Here is my take on it. Let’s do something new, something which is so fundamentally against our natural grain, that the mere act of doing it is some sort of a battle – and mastering it is nothing short of a personal victory. Ideally this something can be what we enjoy. Lets learn a new language, a new art or a new craft, a new hobby – art, poetry, prose, literature of any kind, lets watch 100 best movies of all times, pick up one theme and become some sort of a master in it; learn a new sport that we always wanted to, run long distances, enrol in dance classes or something else which is wacky and crazy – but something that makes us do something fundamentally against our basic comfort. The act of doing it and doing it successfully is a personal victory.
Nothing replenishes the fountain of confidence more than one such pursuit chased enough to provide some level of adeptness. I remember reading about a gentlemen who used to pick up one new hobby every three years- logic being that it takes at least 3 years for acquiring some level of expertise. At the end of three years, it was time to move on.

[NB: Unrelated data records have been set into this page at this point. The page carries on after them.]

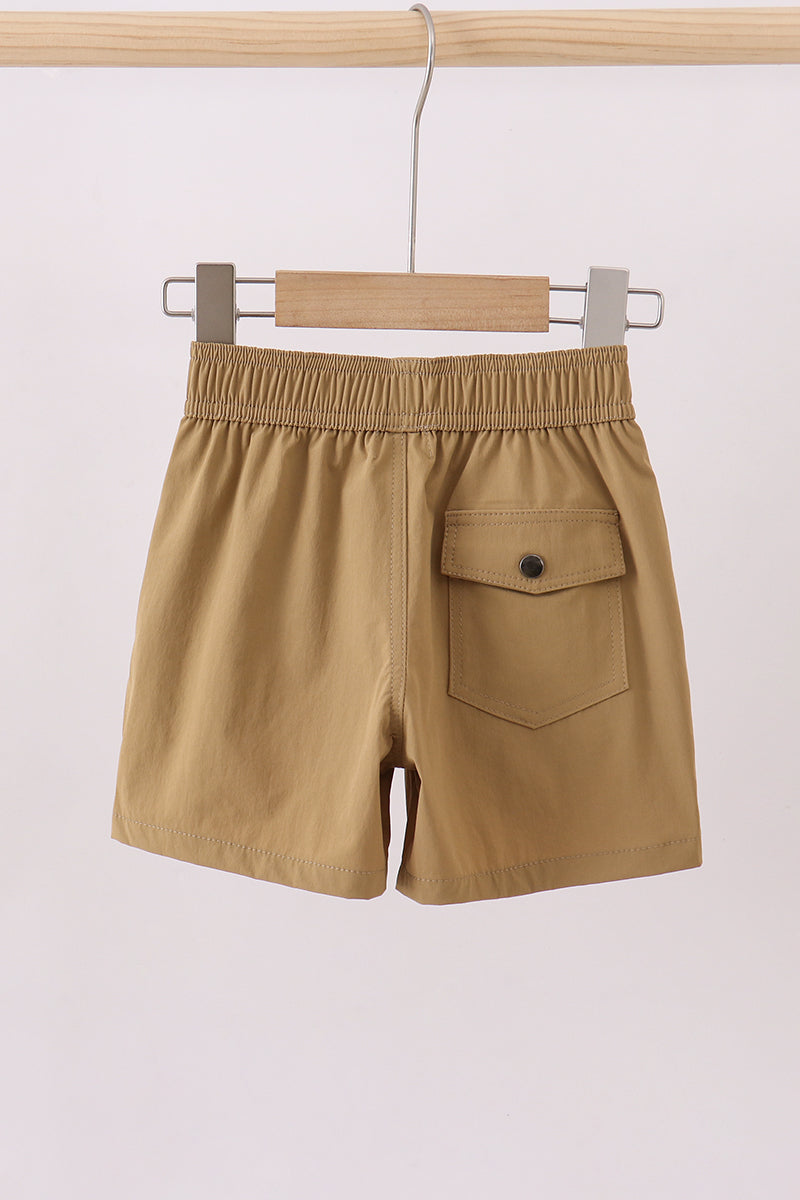 Latte everyday shorts - Cloudling Kids Clothing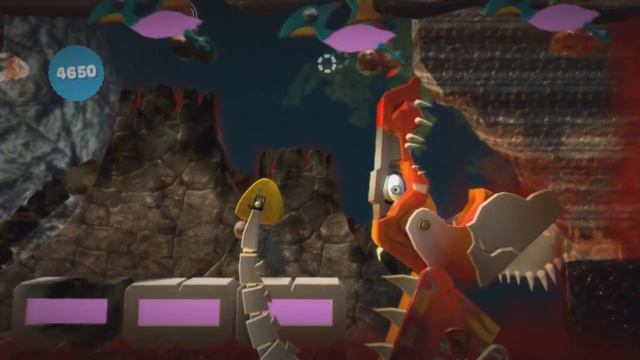 Sackboy's Prehistoric Moves™ - Fossil Fight (Playstation Move) (HD) смотреть онлайн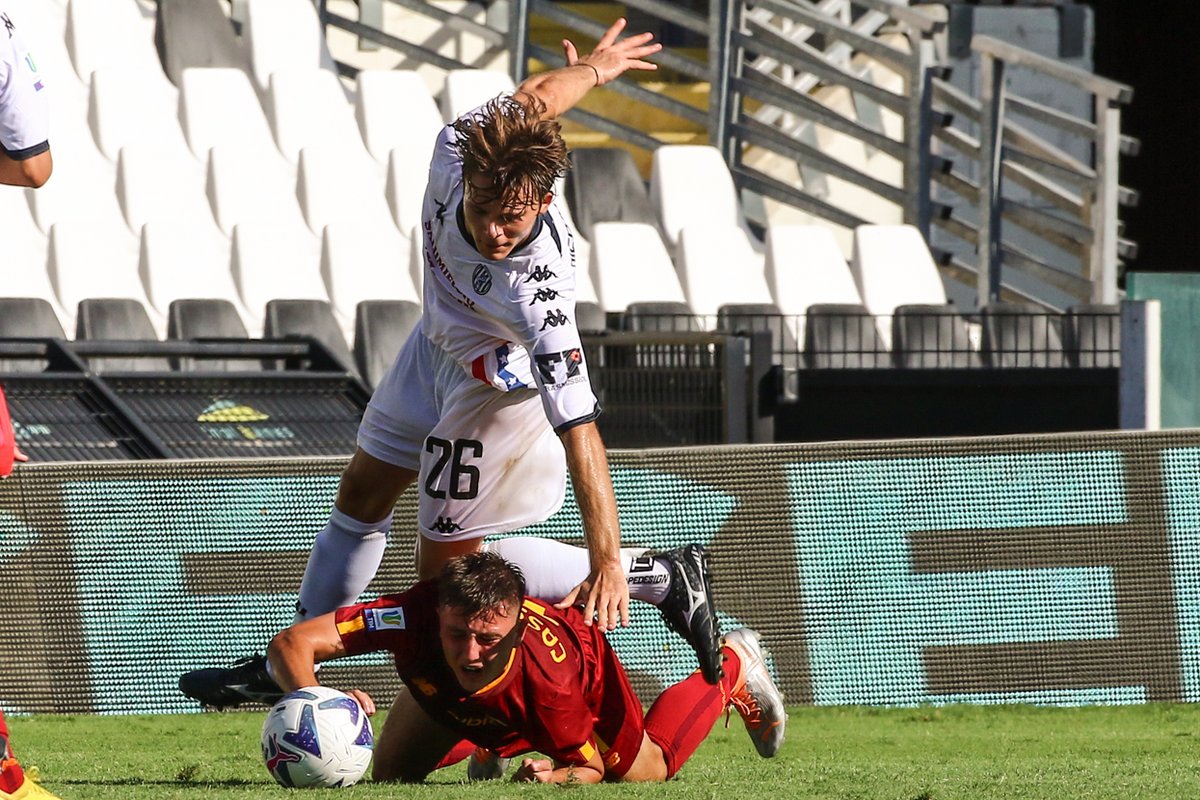 calciocesenafc's tweet photo. 🇮🇹 #Primavera1TIMVISION
🎞️ La photogallery di #CesRom 0-3 https://t.co/iobdiDXtdB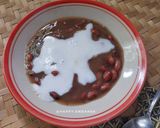 Foto langkah ke 5 dari resep Bubur Kacang Merah.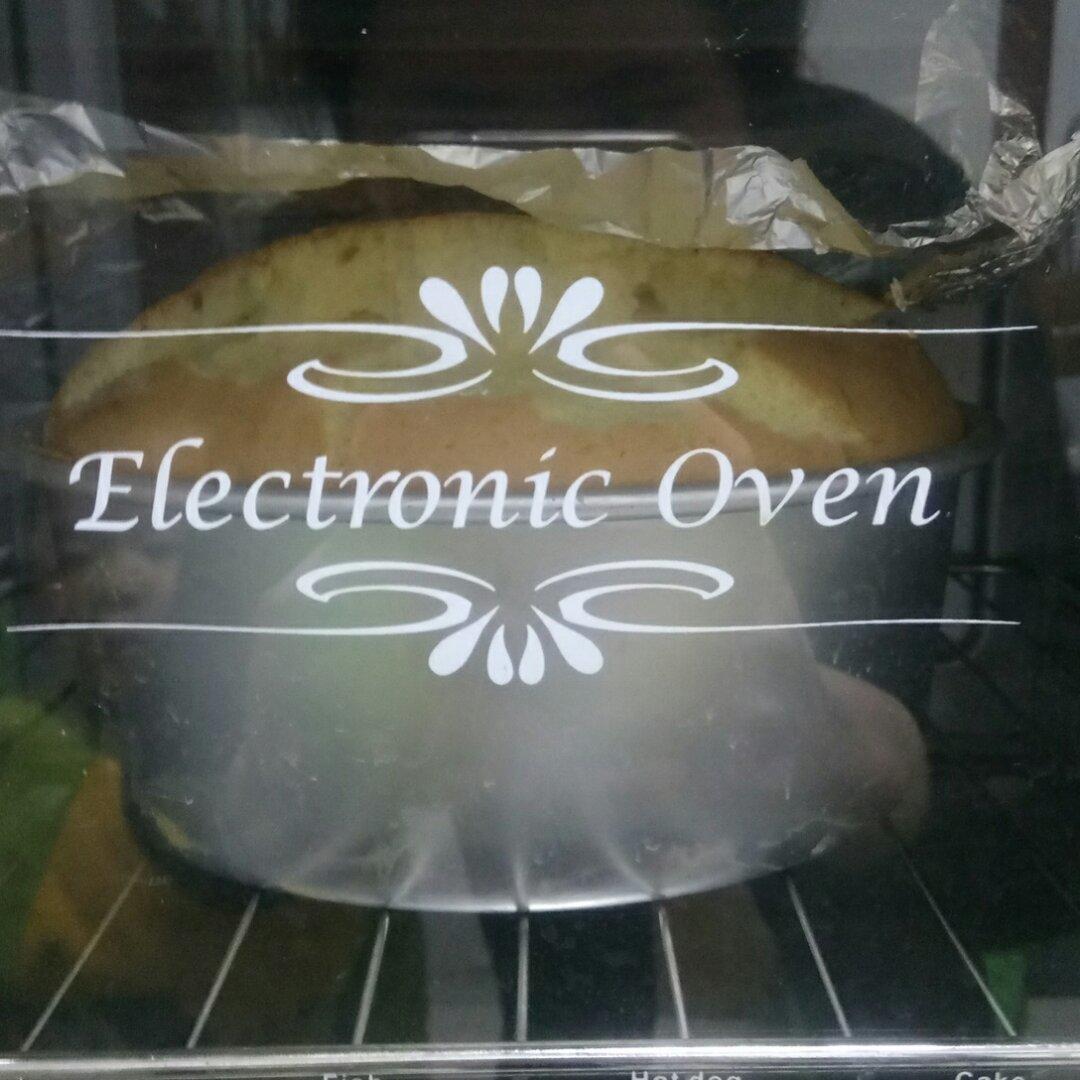 八寸戚风蛋糕（生日蛋糕坯）附六寸配单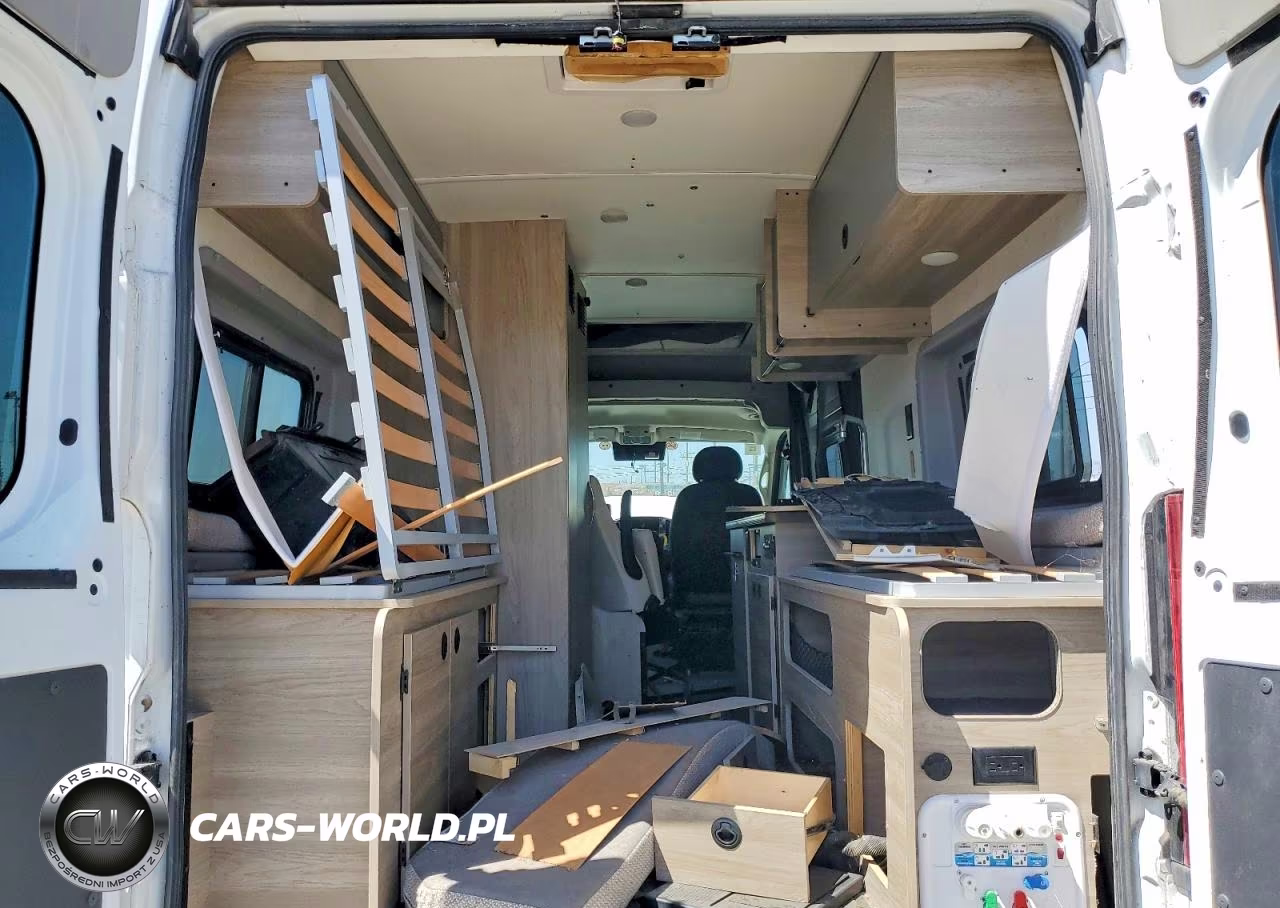 2022 Ram Promaster 2500 Rv VIN:3C6LRVDG4NE103774 - 9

I have been generally enthralled by the sheer prospect of experimenting with one new pursuit every few years, though my performance with this resolution has been rather unsatisfactory. But whenever I have picked up a new pursuit and treated it with a certain level of fidelity, I have felt extremely good about myself. The spring in my feet could not have been an outcome of anything else but by the buoyancy only personal victory could provide.